12
votes

I'm trying to visualize some data as a pie chart. My data is structured as a list of (Season, Int) tuples, where the integer represents the number of items that are available for a particular season.

The difficulty is that one item can be in multiple seasons: an item can be valid for both fall and winter.

Is it possible to display this information as a pie chart? It's not clear what the denominator should be when calculating percentages, because the sum of the counts can be greater than the total item count.

As an example to make it clearer, let's say I have 10 items. A valid dataset might be:

  • (Fall, 4)
  • (Winter, 5)
  • (Summer, 3)
  • (Spring, 10)

The total number of items represented here are 22, but there are truly only 10 items.

Calculating the fall percentage as 4 / 10 doesn't really make sense, but neither does 4 / 22.

Is this data just not compatible with pie charts (or other percentage-oriented charts)?

1
Why do you consider that the 4 / 22 percentage does not make sense? It is the percentage of "occurences" of items for the Fall season...Edit: whether it makes sense or not all depends on what "items availability" for a season mean, and what is being represented. Say, if the purpose is to compare number of representations of theater plays per season, 4 / 22 would make sense...Mehdi
Is this all the data you have or do you have a way to count in how many categories the items appear?7hibault
@7hibault Yes the original data is of type [(Season, Item)]Bill

1 Answers

1
votes

It depends on what business question the plot tries to represent. There are best practices that we use in data visualization. These best practices are guided by statistics and human perception. We want the plot to immediately tell the story.

Reading your post it looks that the business question you are trying to answer is: What is the percent of items available in each season, relative to the overall (total) number of items the company has. Using the numbers in your post 100% of the items are available in the spring, and only 50% of the items are available in the winter.

This is great business question to visualize (if this indeed is the business question you are trying to solve) but you can't use a pie chart for it. Pie charts must represent 100%. Bar charts are good for comparisons and I recommend you would use them. You can make the y-axis units be percent, and have 4 bars along the x-axis.
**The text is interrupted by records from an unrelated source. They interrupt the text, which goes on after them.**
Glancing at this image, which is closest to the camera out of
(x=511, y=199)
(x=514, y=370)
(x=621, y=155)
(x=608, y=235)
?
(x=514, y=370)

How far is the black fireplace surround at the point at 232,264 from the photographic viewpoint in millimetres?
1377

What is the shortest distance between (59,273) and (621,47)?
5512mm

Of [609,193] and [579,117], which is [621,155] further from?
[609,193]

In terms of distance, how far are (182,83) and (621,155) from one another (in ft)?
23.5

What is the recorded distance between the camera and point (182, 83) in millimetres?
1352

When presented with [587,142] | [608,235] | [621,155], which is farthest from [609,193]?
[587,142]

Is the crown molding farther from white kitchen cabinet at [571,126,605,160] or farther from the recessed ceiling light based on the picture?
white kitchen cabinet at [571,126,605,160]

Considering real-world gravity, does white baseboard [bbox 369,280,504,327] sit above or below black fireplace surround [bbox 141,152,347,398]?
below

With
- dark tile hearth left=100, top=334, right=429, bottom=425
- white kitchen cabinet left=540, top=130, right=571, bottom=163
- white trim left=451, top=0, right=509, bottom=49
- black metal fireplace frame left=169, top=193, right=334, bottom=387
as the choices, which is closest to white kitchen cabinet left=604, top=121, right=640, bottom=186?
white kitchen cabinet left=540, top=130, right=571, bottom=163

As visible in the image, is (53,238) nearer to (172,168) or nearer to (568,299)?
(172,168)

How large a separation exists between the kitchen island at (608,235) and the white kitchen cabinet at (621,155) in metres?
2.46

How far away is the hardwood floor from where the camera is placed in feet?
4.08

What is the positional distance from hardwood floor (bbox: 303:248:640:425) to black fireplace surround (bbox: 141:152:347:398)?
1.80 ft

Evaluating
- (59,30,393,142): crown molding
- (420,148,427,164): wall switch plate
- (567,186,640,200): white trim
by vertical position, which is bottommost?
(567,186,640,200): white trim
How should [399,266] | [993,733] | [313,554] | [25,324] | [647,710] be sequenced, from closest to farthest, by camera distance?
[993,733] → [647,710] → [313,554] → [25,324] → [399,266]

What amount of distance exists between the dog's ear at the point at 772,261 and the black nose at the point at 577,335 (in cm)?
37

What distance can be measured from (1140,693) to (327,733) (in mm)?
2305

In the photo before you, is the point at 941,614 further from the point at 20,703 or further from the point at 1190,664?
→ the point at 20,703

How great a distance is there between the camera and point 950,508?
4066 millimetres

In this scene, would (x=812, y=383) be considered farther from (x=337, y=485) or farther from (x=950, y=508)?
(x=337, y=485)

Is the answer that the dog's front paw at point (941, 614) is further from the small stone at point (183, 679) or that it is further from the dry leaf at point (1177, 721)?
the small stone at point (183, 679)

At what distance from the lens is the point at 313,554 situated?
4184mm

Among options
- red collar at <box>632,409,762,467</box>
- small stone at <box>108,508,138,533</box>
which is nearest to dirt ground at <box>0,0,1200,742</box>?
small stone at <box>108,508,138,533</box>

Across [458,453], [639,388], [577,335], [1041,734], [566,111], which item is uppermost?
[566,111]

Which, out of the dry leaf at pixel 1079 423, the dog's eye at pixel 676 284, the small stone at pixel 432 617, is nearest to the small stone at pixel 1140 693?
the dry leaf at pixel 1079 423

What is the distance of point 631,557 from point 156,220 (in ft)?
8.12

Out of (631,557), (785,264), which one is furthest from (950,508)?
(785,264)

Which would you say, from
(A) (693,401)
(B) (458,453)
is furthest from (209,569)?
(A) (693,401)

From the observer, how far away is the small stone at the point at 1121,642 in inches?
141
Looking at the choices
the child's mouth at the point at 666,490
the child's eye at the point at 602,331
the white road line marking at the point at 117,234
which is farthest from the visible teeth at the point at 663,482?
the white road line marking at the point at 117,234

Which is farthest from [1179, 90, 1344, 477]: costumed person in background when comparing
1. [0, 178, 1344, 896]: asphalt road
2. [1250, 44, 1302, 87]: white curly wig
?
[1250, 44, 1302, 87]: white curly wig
Bar charts do not have to (statistically) add to 100% but if you are concerned that people may be wondering about it, you can achieve the same effect by making the y-axis a count of the number of items in each season. The plot will still show the relative number of items available in each season. This is another good reason to use bar chart in this case.

Lastly, note that pie charts look nice but they are also not recommended from human perception point of view. It is hard for us to compare the relative size of the slices.